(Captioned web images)
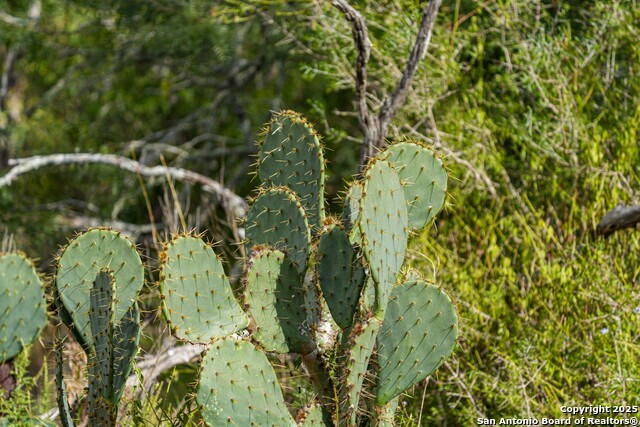 Listing photo id 35 for 12937 Fm 743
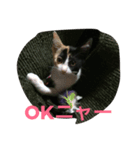 子猫アメちやん（個別スタンプ：5）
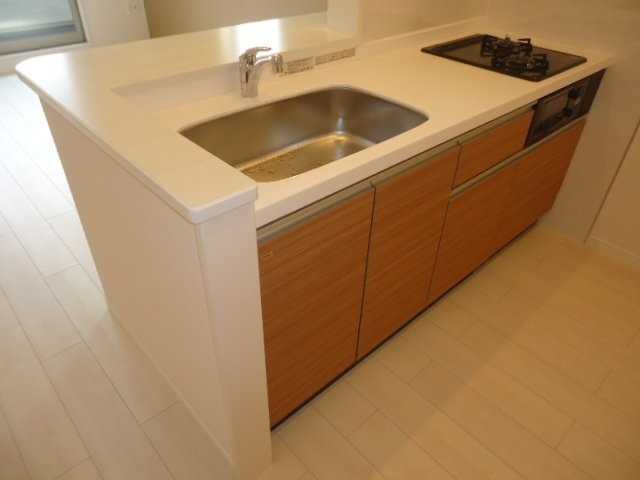 ��ʌ��������܎s������厚�@���̃A�p�[�g�̃L�b�`��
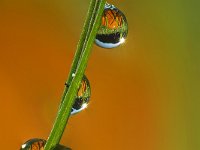 Herbstzeit im Graeseruniversum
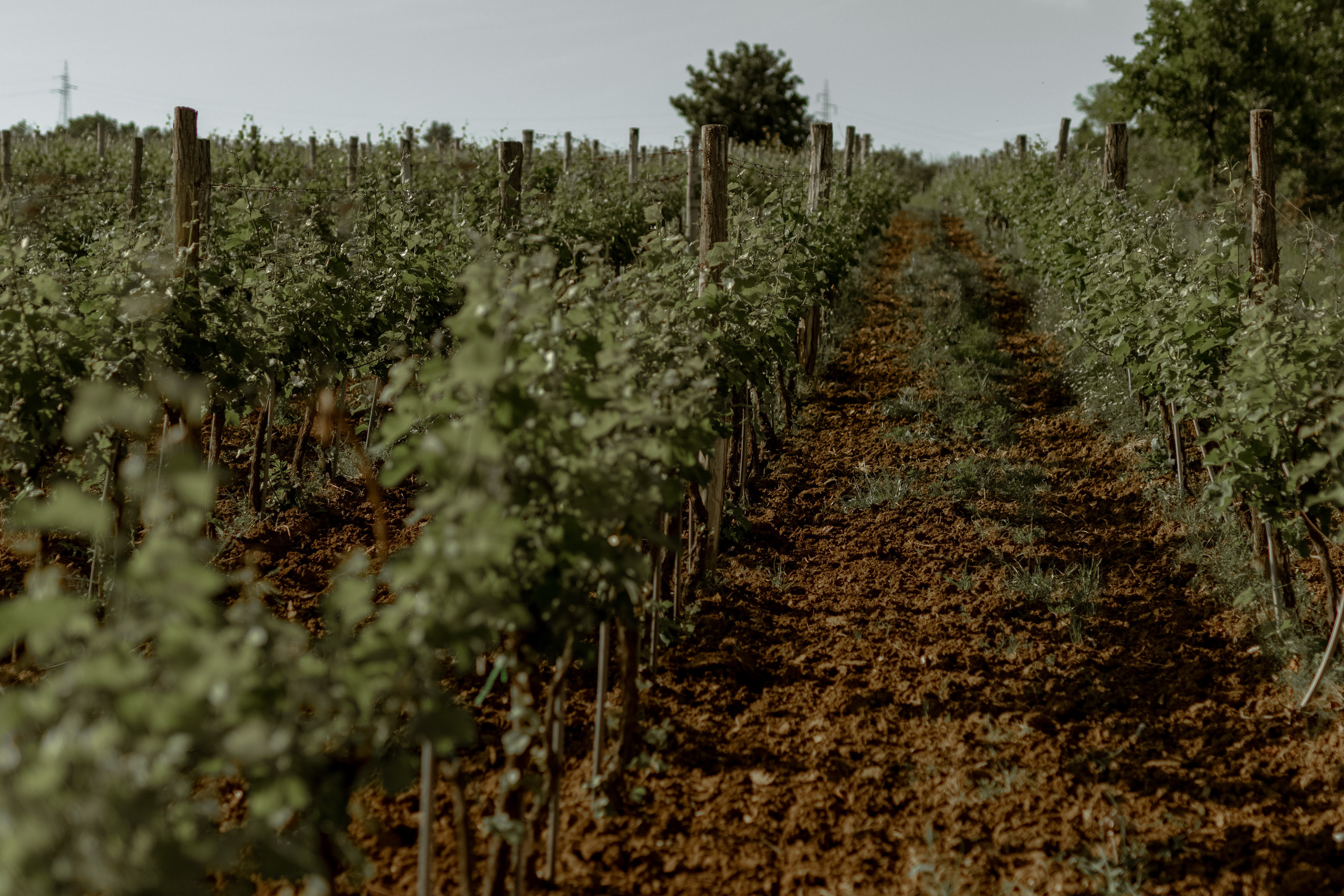 Wedding Vinarija Tarpos. Фотограф и художник Астрахов Павел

Exercise directions:
Please repeat the records above exactly, leaving every picture out.

Result below:
 Listing photo id 35 for 12937 Fm 743
 子猫アメちやん（個別スタンプ：5）
 ��ʌ��������܎s������厚�@���̃A�p�[�g�̃L�b�`��
 Herbstzeit im Graeseruniversum
 Wedding Vinarija Tarpos. Фотограф и художник Астрахов Павел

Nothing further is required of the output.